Note: I wrote this article as part of a job application.

What is a headless CMS?

Let’s take a standard CMS, it has a database, a backend UI and a frontend. In order to get the data out of the database you have to create a theme using the CMS’s language of choice which grabs the data and displays it in a web page. This is fairly standard but what if your website becomes popular and you decide you want to build an app version using the same data? What if you decided you wanted your site to be built using the latest fancy JavaScript framework? You’re limited to how the CMS allows you to get that data.

A “headless” CMS gets rid of the frontend and instead outputs an API with all of your data, leaving how you reach and display that data entirely up to you.

This means you can do whatever you want with that data; a website, native app, web app, widget, the possibilities are endless and you’re not just limited to one output. You could easily have a website and a native app running off the same API. You’d only have to update your content the once through the backend UI and the content would be updated across both the website and the native app.

You can’t predict future technology

No one knows what new device is around the corner so by being able to access your data through an API you are prepared whatever new way your data needs to be viewed.
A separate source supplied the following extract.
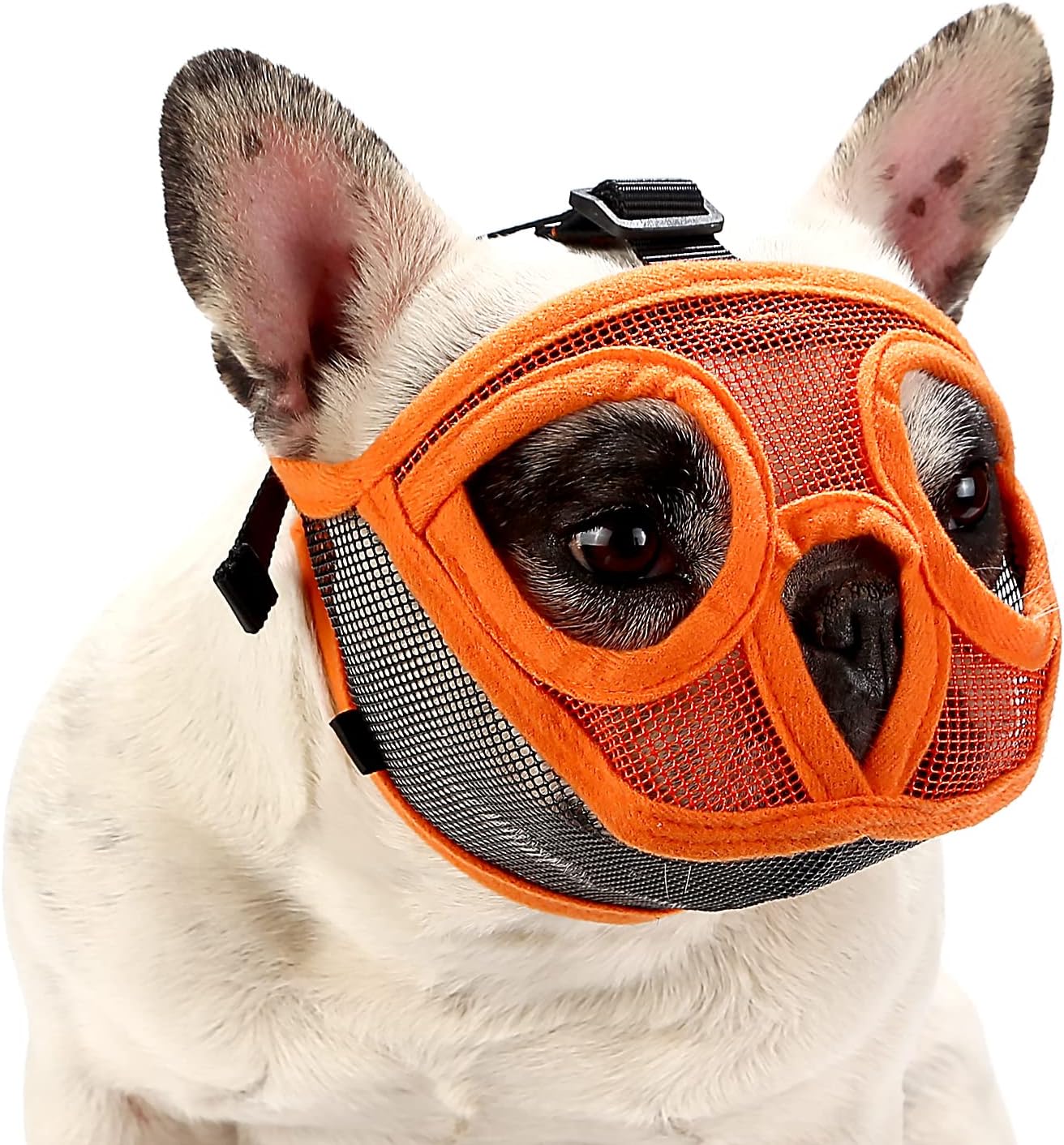 JYHY Short Snout Dog Muzzle Adjustable Breathable Mesh Bulldog Muzzle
You are preparing for the future of the web by not limiting yourself to one application or coding language.

Can I use this for my projects?

While it may be a little overkill for a small brochure website it’s perfect for larger blogs or news sites. There are a number of headless CMS’s available such as Contentful, Prismic and even WordPress now offers the option to retrieve data through an API.

If you’re learning PHP and thinking of looking into Laravel, this is a great excuse to finally pick it up. With Laravel you can create API routes that simply return the data from your database, you could even create your own headless CMS with it.
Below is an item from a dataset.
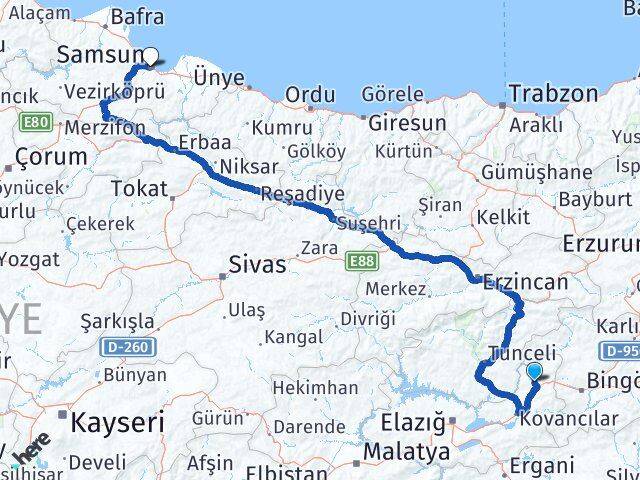 Elazığ Karakoçan Samsun Arası Kaç Km - Yol Haritası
Another benefit of creating your own API is that it helps you to really think about and understand your data and how it all relates.
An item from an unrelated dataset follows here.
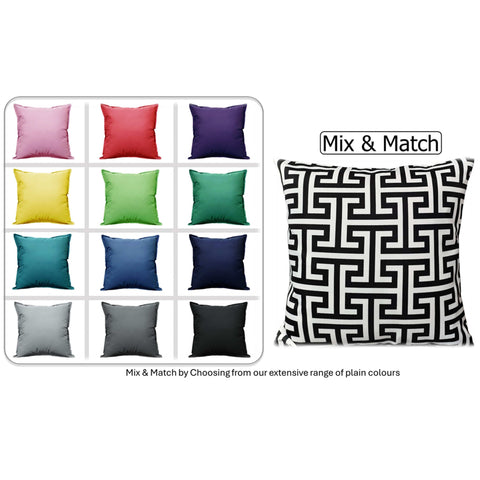 OLIVIA ROCCO Milano Black Waterproof Cushion Covers 43x43 cm Reversible Breathable Indoor Outdoor Use Decorative Patio Garden Sofa Bed Chair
Why you should learn to use API’s

API’s aren’t the first thing every new coder learns when picking up a new language, in fact I’d say it’s more of an intermediate/advanced skill to have, but once you understand the basics of GET & PULL requests it opens a lot more doors. You’ll be able to get data from sites such as Facebook, Twitter, YouTube, pretty much any large social network, and use it to display lovely content on your websites without having to use ugly widgets. There are of course much more practical uses for API’s but starting simple is the best way to learn.